Commentary: Mother's Day
Photo: Lee Thomas
Ray Paulick
Editor-in-Chief

It was a pretty good week for Peter Fuller, the octogenarian owner and breeder from Watertown, Mass., best known as the only man to lose the Kentucky Derby by disqualification.

Fuller got his first racing victory of the year June 3 when I’vegottabeme, his homebred son of Albert the Great, eked out a narrow maiden claiming win at Delaware Park. First prize money of $13,200 will help make a few mares go round.

But what happened five days earlier made Fuller’s heart really soar. Mom’s Command, the champion homebred filly he raced in the 1980s, was elected to the National Museum of Racing and Hall of Fame. The May 29 announcement came four months after Mom’s Command’s death at the age of 25. The daughter of the Bold Ruler stallion Top Command, out of the Pia Star mare Star Mommy, had fallen short numerous times in Hall of Fame voting. In 2006, she didn’t even get on the final ballot.

“I’m thrilled that ‘Mom’ finally made it,” said Fuller, who conceded that her recent death probably put Mom’s Command over the top in the voting."

“It was fun to finally be able to have something really nice happen,” he said, “instead of the incident that occurred a long time ago.”

Fuller was speaking, of course, about the 1968 Kentucky Derby, a race won on the track by Dancer’s Image, a Fuller homebred who charged from the back of the 14-horse field to defeat Calumet Farm’s Forward Pass by 1½ lengths. A subsequent ruling by the stewards, backed up by the Kentucky State Racing Commission and the courts, disqualified Dancer’s Image from the Derby win after the then-banned substance phenylbutazone was detected in a post-race urine test. Phenylbutazone, or Bute, was subsequently legalized.

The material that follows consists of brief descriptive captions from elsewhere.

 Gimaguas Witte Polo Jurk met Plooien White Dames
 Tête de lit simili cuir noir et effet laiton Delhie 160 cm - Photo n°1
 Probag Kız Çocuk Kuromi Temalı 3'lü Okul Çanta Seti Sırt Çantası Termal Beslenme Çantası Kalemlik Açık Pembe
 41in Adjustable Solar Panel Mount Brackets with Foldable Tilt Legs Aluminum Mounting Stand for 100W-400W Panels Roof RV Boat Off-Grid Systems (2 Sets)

Fuller, 84, a boxer in his younger days, never gave up the fight on behalf of Dancer’s Image, but he’s never allowed it to sour him on the game. “Racing keeps me going,” he said.

There is a touch of irony that Mom’s Command will be inducted into the Hall of Fame the same year as the trainer of Forward Pass, Henry Forrest, who was elected by the Historic Review Committee.

The rise of Mom’s Command 16 years later erased some of the sting inflicted on Fuller by the Derby DQ, but even then he had to endure public criticism when he insisted that his daughter Abigail ride the filly.

One of seven girls in the Fuller family, Abby was aboard for all but two of Mom’s Command’s races. The spotlight on the young rider wasn’t always pretty, but ultimately “Mom” and Abby made quite a team, winning nine races together, including the four biggest grade I stakes for 3-year-old fillies in New York: the Acorn, Mother Goose, Coaching Club American Oaks, and Alabama Stakes. On the strength of those victories (the first three were considered by many the Fillies’ Triple Crown), Mom’s Command was voted an Eclipse Award as outstanding 3-year-old filly of 1985.

That same year, Fuller pushed for a match race against Fran’s Valentine, the first-place finisher in the inaugural Breeders’ Cup Juvenile Fillies (gr. I) the previous year who was disqualified from the win for interference. The specter of Ruffian, who had died in a match race 10 years earlier, led to the idea being spiked. “I was crazy enough that if Fran’s Valentine hadn’t still been on the docket I would have had Mom go in the Travers (gr. I) because I thought her speed would have kept Chief’s Crown from catching her,” Fuller said. “I still love (former jockey) Angel Cordero’s quote: ‘I love Abby, but I’m sick of looking at her ass!’ ”

Fuller has had some moments worth remembering in the sport—some good and some bad. The Aug. 6 Hall of Fame induction ceremonies in Saratoga Springs, N.Y., will add to that collection.